『放課後トゥーランドット』です。
音楽ネタ作品かと思ったら、トゥーランドットになぞらえた展開にした作品です。音楽にしてもトゥーランドットにしても、さほど深く専門知識には突っ込んでいません。
全体としての感想は、、典型的な美少女文庫作品を全年齢化したような感じ、です。美少女文庫を読んでいない人には無意味なたとえですが。
メインヒロインの桜蘭会長と主人公がうち解けるまでの時間稼ぎ、といったら口が悪いですが、前半はサブヒロインである演劇部部長の渚とのさまざまなイベントでつなぎます。えっちぃポイントも多々あります。
それが、中盤のミッションなどを通じて会長とうち解け、協力して三人でトゥーランドットオペラを演ります。クライマックス部分は、家族設定や本番シーン含めてやや急ぎ足にも感じましたが、それでも結構ジーンとくる仕上がりでした。
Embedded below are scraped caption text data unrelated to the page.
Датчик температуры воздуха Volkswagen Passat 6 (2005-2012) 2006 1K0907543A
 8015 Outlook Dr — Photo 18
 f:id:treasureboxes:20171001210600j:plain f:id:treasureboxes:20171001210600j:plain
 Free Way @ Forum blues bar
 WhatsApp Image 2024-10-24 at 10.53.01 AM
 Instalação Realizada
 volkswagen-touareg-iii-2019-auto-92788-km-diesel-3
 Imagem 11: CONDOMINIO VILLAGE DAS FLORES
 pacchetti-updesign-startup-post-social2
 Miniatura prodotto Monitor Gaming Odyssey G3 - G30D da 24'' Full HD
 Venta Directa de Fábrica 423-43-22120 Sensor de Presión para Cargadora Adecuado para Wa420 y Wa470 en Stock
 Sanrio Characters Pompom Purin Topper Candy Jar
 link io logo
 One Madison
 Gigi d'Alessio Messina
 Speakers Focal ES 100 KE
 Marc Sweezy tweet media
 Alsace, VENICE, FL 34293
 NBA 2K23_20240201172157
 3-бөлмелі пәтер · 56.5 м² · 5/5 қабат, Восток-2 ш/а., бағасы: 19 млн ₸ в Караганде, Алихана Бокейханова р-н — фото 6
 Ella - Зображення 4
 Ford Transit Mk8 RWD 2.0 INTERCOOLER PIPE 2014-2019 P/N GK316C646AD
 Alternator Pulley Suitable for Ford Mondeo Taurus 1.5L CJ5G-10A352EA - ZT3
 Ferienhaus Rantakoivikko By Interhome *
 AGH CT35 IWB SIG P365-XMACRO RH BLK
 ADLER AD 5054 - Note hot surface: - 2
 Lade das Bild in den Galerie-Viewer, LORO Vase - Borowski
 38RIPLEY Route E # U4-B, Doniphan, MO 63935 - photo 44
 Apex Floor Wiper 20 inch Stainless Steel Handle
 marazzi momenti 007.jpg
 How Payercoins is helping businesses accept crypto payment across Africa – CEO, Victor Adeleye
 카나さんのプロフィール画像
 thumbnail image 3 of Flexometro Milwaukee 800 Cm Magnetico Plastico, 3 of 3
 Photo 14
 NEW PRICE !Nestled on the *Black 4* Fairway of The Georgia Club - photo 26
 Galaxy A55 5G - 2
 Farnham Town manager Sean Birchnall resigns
ラストが、それぞれのキャラの決着部分がやや曖昧でした。続編が出ることを視野に入れて、というのならある程度分かるのですが、第一巻あるいは単発としてならば物足りなかったです。会長の偽装疑惑はそのままでしたし、元部長なども思わせぶりな登場の割にはそれだけでしたし。
キャラとしては、冒頭のぶっとんだ会長のツンの暴れっぷりは、さすがにちょっと受け容れがたかったです。また、実質ゲーム部である主人公はいいのですが、会長までがネット用語を多発するのはイメージ違和感でした。そして設定がやたらと多い上に大部分が後出しなのも気になりました。喘息設定なんていらなかったようにも思います。
読者の好みにもよるのでしょうが、前半の渚パートがあまあまで良かったのですが、最後でうやむやなのが惜しいです。